Due to the pandemic, I did a teleconference with Dr. Uzzo in July. He is a fabulous doctor. He was very honest and sincere, and he made me feel very confident in his skills and ability. After reviewing everything, he told me that based on the type of tumor I had, I could wait to have the surgery—we were in the middle of COVID, so that was a risk factor—or I could have it right away. My wife and I prayed on it and ultimately decided I should go for it and get the surgery done. My surgery was scheduled for the end of August.
On the day of surgery, my grandson drove me to and from Fox Chase. Because of COVID, my wife would have had to wait in another area for up to three or four hours with nobody to talk to and nothing to do. So she decided to stay home, and my grandson, who had gotten a job in the Philadelphia area, agreed to drive his grandpa.
Because my wife couldn’t be there, Dr. Uzzo said he would call her as soon as the surgery was over. He said that if what he found when he opened me up wasn’t very serious, the surgery would take an hour and a half to two hours. On the long side, he said, it would be three hours.

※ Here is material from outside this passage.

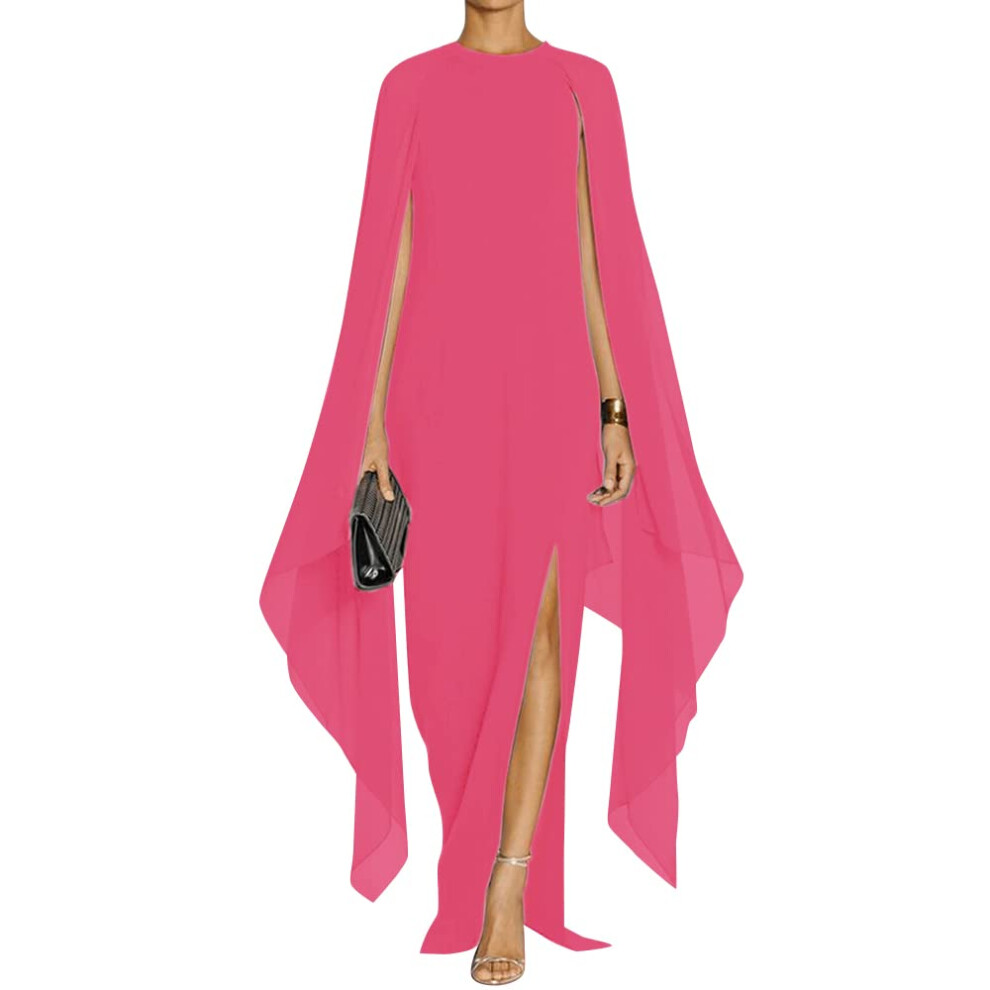 MAYFASEY Robe de soir   e longue     manches longues et fente haute pour femme,    l   gante, style cocktail, soir   e, Halloween, rose, XL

The surgery lasted five hours. When I finally came out and was going to my room, the first question I asked was, “Did he save the kidney?” The nurse said yes, Dr. Uzzo had saved my kidney.

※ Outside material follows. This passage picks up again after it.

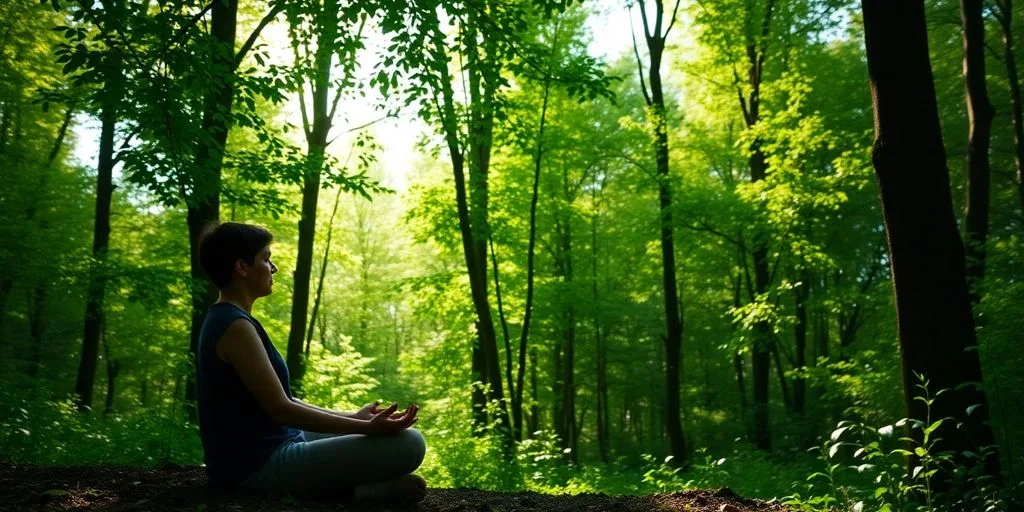 Personne méditant dans une forêt lumineuse et verdoyante.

I had no issues after the surgery, and here is the real kicker: When I went back for my follow-up ten days later, Dr. Uzzo was still waiting for results from pathology about whether the tumor was cancerous. The phone call came while I was there, and when Dr. Uzzo put the phone down, he looked at me and said, “Now, do you remember when we met that I told you that I felt that there was an 85% chance that the tumor was cancerous? You are in the 15%. It’s a benign tumor.”
Returning to a Healthy, Normal Life
It’s now a monitoring situation: There are certain levels of things in my kidneys that I have to watch to make sure that they don’t go out of whack. But I am blessed that that is the case and that I’m healthy and able to live a normal life. I love to do things with my children and see my grandchildren. My 25-year-old grandson and I love to go fishing together.
Thanks to Dr. Uzzo and his skill and his ability, my surgery had the best result possible. I praise the Lord for giving me such a fine surgeon and caring nursing staff to see me through this scary time.